Only very recently have I realized I had an expectation that had never surfaced. I really felt, or anticipated, that at this point in my life (age 57 and married for 36 years) I would be financially secure and set for my senior years. At an even deeper level I think I felt that I would also be independent in that I no longer had to trust God for my “daily bread.” “Give us our daily bread,” was for young people just starting out—not for educated people with good jobs and successful careers. That sounds terrible when you write it down. Theologically I would have agreed you will always have to acknowledge God in all things and not lean on your own understanding and prowess. But that wasn’t the reality at the core of my subconscious.
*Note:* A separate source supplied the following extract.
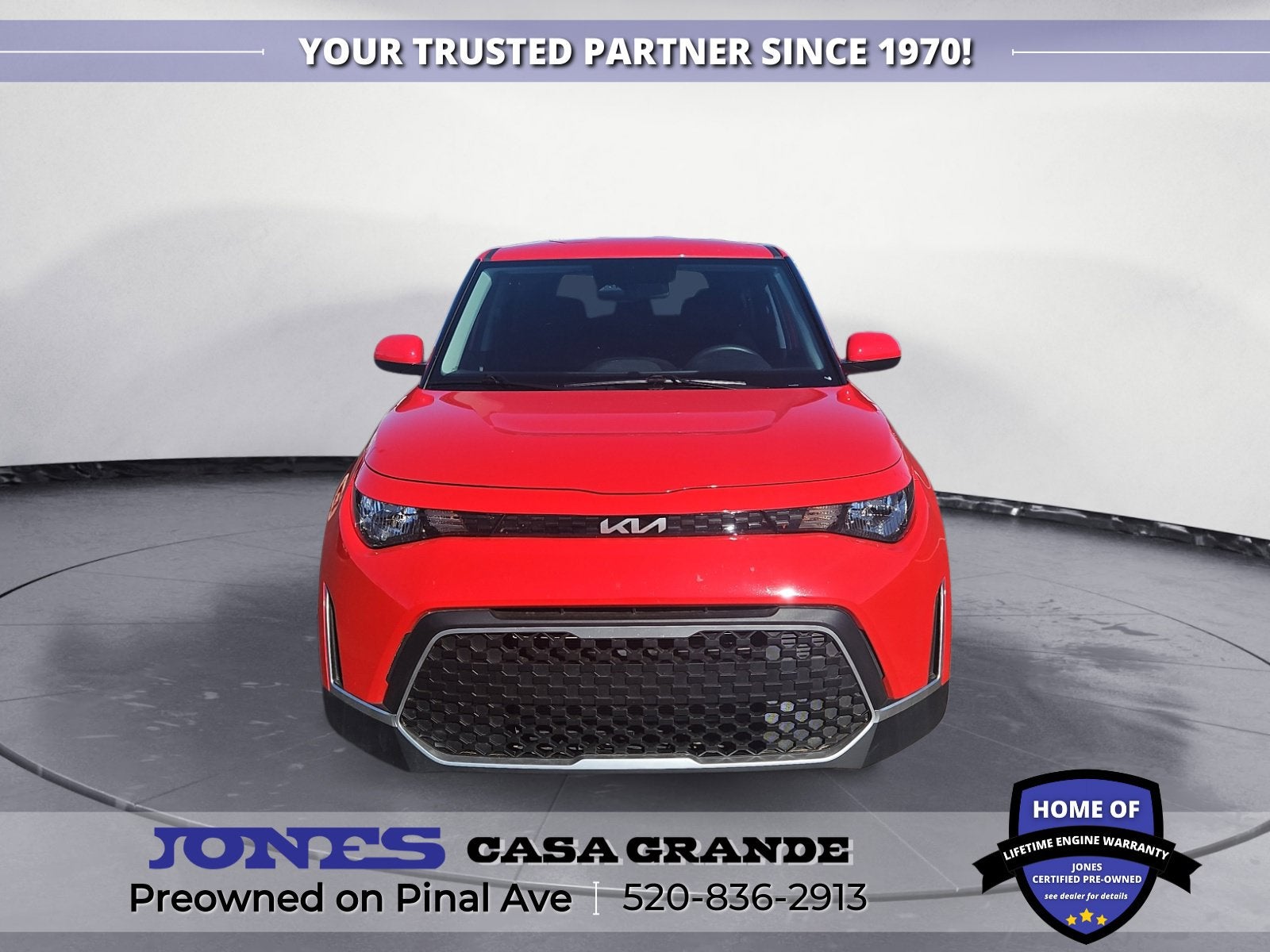 Used 2025 Kia Soul LX with VIN KNDJ23AU8S7272467 for sale in Casa Grande, AZ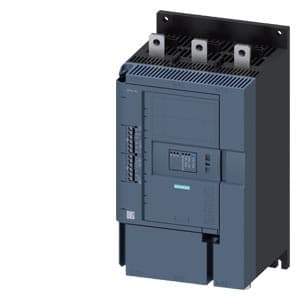 SIEMENS SOFT STARTERS, 3RW5, 504...570A, 315kW, 110...250 VAC COIL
Jesus said, “You will know the truth and the truth will set you free.” The Greek word for truth, alethia, can be translated, “that which is real.” Only when we see what is truly real can we be set free. More than at any time in my life I have to pray and exercise faith when I pray “give us this day our daily bread.” I, my wife, and our family are more dependent on the goodness of God now than at any point in our lives. With my mind I know this is a good place to be but my will and emotions still get really shaky some days! All too often I feel like the man with the demon possessed mute son when Jesus told him, " 'If You can?' All things are possible to him who believes." Immediately the boy's father cried out and said, "I do believe; help my unbelief."
I do believe and have enough experience to back up my belief. So, I shouldn't need to ask God to "help my unbelief" so often--but I do! I also need to ask the Holy Spirit to search me and reveal any more "hidden myths" and "unknown expectations."